Essayons une analogie: comme le tourbillon dans la rivière, nous pouvons avoir une existence individuelle temporaire, mais nous n'existons qu'en vertu d'un mouvement d'ensemble. Comme le tourbillon n'existe qu'en vertu du mouvement d'ensemble de l'eau et de ses propriétés. La rivière n'existe que parce que l'eau de la mer gagne en permanence les hauteurs grâce à la chaleur du soleil. On peut éventuellement maintenir un tourbillon en vie un peu plus longtemps en agissant sur lui mécaniquement, mais si les propriétés de l'eau venaient à changer, les tourbillons seraient modifiés et peut-être même disparaîtraient. Et si le climat change, s'il pleut plus ou moins, la rivière se modifiera et peut-être disparaîtra, et les tourbillons avec elle.
Cette analogie, qu'il ne faut pas prendre au pied de la lettre, illustre assez bien la notion des Indiens d'Amérique, selon laquelle "toutes choses se tiennent".
APPROCHE SIMPLISTE
Devant l'infiniment complexe du vivant qui échappe à sa compréhension -mais dont il dépend de manière absolue-, l'homme devrait rester modeste. La manipulation génétique traduit un manque de respect et une insondable prétention. La santé ne peut pas être qu'une propriété de l'individu. Elle a aussi une dimension biosphérique et sociale. Mais la manipulation génétique ne voit même plus l'individu comme un tout. Elle ne le considère plus que comme une somme de gènes. Cette approche est simpliste. Mais le reconnaître implique de remettre en question notre vision du monde et de la vie, et notre manière de pratiquer la connaissance. Vu les intérêts en jeu, ce sera sûrement très difficile.

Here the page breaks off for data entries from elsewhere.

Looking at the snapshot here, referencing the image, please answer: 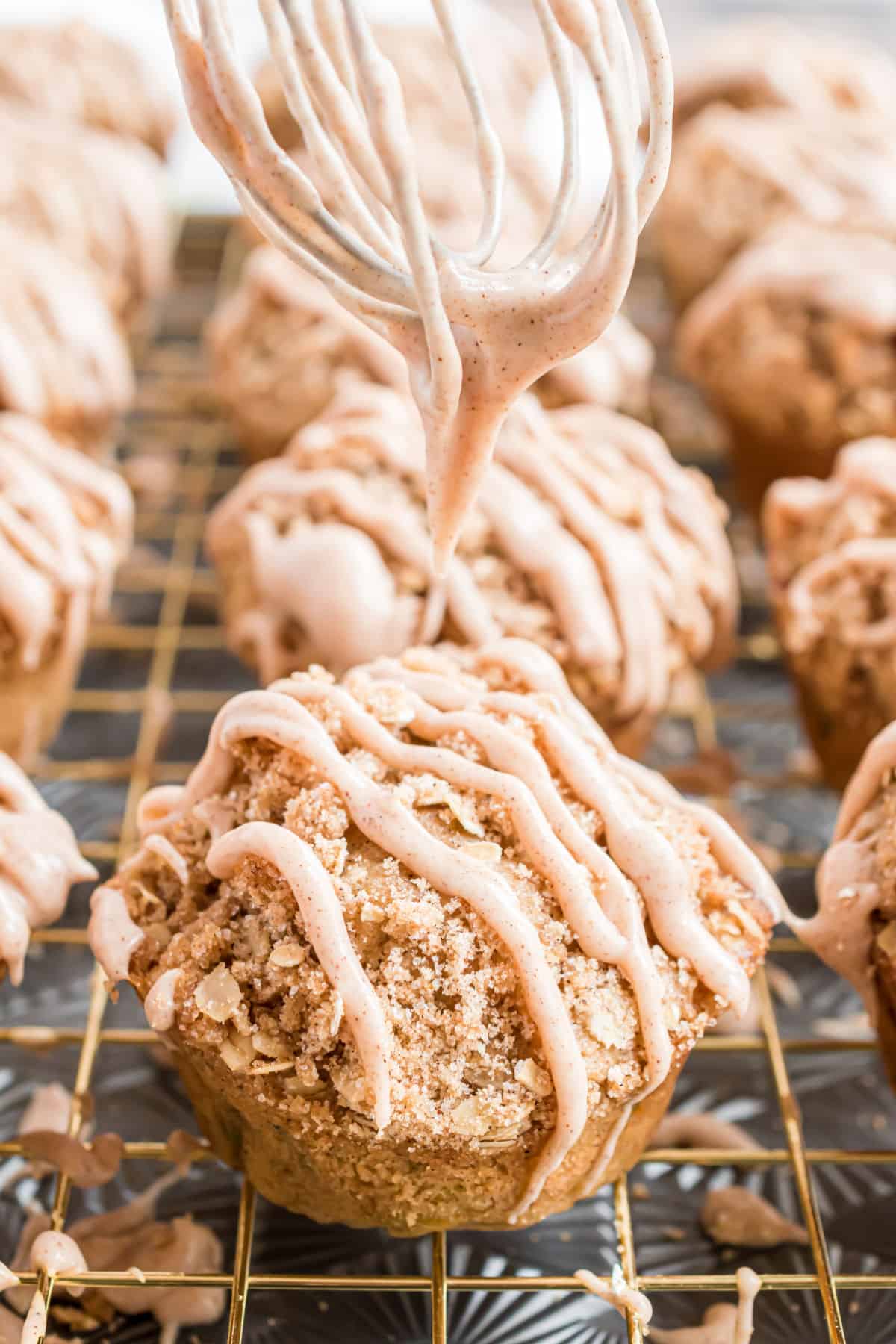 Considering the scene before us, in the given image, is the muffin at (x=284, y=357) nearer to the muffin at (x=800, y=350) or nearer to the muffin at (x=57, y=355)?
the muffin at (x=57, y=355)

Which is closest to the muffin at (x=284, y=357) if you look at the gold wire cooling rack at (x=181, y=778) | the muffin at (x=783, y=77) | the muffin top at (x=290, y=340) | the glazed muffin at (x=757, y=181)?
the muffin top at (x=290, y=340)

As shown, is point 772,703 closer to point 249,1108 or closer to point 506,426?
point 506,426

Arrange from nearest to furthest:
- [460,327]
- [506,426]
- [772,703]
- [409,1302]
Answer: [460,327] → [409,1302] → [506,426] → [772,703]

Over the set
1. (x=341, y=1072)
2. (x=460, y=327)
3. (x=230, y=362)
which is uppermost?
(x=460, y=327)

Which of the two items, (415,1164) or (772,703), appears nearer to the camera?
(415,1164)

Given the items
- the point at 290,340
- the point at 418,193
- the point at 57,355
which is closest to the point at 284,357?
the point at 290,340

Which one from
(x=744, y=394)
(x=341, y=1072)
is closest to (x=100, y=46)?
(x=744, y=394) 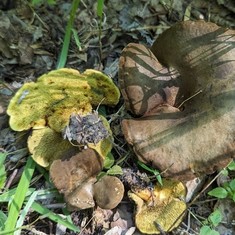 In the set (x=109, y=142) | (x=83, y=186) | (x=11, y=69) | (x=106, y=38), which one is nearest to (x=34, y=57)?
(x=11, y=69)

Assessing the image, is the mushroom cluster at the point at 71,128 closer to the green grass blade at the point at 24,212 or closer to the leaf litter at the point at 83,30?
the green grass blade at the point at 24,212

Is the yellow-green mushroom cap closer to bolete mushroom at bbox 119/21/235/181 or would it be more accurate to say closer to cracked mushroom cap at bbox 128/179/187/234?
bolete mushroom at bbox 119/21/235/181

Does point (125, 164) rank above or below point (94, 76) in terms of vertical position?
below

La science médicale aide certainement des individus malades ou accidentés. Mais elle n'a pas amélioré la santé des populations, puisqu'il y a toujours plus de médecins, de médicaments, de lits d'hôpitaux et d'établissements medico-sociaux. Le système de la santé est en fait un système de la maladie qui ne survivrait pas à une amélioration généralisée de la santé de la population parce que, comme pour toute entreprise aujourd'hui, sa santé à lui se définit uniquement en termes économiques.
Moins de clients signifie perte de revenu, chômage, faillite. Vu l'importance qu'a prise le système, il semble presque impossible d'accepter une telle éventualité. Alors il faut bien s'arranger pour maintenir la demande: assurance obligatoire avec primes en augmentation permanente, discours déresponsabilisant identifiant la santé à la fourniture de soins de plus en plus sophistiqués et coûteux. Et, chemin faisant, création de maladies iatrogènes maintenant le client dans un état de dépendance.
La santé c'est aussi -peut-être même d'abord- notre affaire. Elle dépend non seulement de notre comportement vis-à-vis de notre propre corps, mais aussi de nos relations avec les autres, avec l'inconscient, avec la biosphère. Les manipulations génétiques ne contribuent en rien à cette harmonie nécessaire. Pis, elles risquent de déstabiliser les structures qui la rendent possible.
PIERRE LEHMANN
Physicien
1 Citation tirée d'un texte du Dr François Choffat.